Efforts to manage invasive species on public lands and the use of candidate conservation agreements with assurances on public lands as a voluntary tool for producers were also represented in the resolution.

“The Oregon conservation district that developed the resolution did a great job,” Frank adds, “and we were overall able to get it passed, even though most of the country doesn’t have to deal with sage grouse.”

“Seeing the western states all pull together to get this resolution passed was the most significant part of the conference,” she says. “That was really great.”

EPA

During the conference, representatives from the Environmental Protection Agency also spoke and addressed continuing water concerns.

“The Government Accountability Office issued a report in December that talks about how the Clean Water Act needs changed to allow EPA to regulate non-point sources,” Frank says. “The EPA briefly touched on that.”

In addition, the agency emphasized cooperation and coordination with local agencies and its importance in regulating waters.

“It was overall a pretty quiet convention, but it was a good event,” Frank adds. “It is great to see western states pulling together and to see a Farm Bill come out.”

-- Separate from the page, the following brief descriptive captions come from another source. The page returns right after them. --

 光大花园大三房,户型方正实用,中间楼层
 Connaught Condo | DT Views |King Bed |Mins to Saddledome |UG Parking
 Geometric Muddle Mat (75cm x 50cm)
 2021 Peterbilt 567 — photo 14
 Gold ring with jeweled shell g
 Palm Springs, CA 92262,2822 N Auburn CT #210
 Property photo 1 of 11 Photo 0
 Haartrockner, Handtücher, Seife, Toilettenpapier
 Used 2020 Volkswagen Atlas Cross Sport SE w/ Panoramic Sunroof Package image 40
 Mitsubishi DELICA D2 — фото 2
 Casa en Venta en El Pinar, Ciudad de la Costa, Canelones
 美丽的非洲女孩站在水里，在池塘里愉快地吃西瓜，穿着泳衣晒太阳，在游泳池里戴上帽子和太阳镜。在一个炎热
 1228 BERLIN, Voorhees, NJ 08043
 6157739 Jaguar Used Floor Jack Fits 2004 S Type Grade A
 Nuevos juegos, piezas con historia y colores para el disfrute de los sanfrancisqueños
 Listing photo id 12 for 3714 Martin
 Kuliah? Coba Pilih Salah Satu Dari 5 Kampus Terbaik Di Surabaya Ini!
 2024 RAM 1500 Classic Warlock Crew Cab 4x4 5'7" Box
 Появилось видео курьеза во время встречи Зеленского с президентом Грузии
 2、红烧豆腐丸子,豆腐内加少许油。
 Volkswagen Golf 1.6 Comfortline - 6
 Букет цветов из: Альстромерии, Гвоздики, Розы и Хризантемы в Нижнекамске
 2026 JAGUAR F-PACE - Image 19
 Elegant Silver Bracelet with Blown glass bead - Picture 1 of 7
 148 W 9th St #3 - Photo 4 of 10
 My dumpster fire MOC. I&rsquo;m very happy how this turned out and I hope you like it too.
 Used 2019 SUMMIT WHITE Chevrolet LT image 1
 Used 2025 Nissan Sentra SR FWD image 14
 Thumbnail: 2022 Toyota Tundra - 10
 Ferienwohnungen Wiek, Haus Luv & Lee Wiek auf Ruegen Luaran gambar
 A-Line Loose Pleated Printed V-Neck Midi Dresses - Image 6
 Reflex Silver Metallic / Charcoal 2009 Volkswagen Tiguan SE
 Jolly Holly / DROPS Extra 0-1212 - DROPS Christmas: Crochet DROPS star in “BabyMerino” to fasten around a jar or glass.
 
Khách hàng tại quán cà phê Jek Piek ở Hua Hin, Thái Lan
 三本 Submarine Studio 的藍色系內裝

Saige Albert is managing editor of the Wyoming Livestock Roundup and can be reached at This email address is being protected from spambots. You need JavaScript enabled to view it..


SIDEBAR:
Wyo leadership

In addition to attending the National Association of Conservation Districts (NACD) annual meeting. Wyoming participants are involved at a higher level. 

Shaun Sims is a member of the NACD Executive Board, representing the Southwest Region, and Travis Haskert of Campbell County serves as Wyoming's voting delegate. 

"Jeri Trebelcock from the Popo Agie Conservation District also represents the Southwest Region for the employees association," says Wyoming Association of Conservation Districts Executive Director Bobbie Frank. "We have some very active members."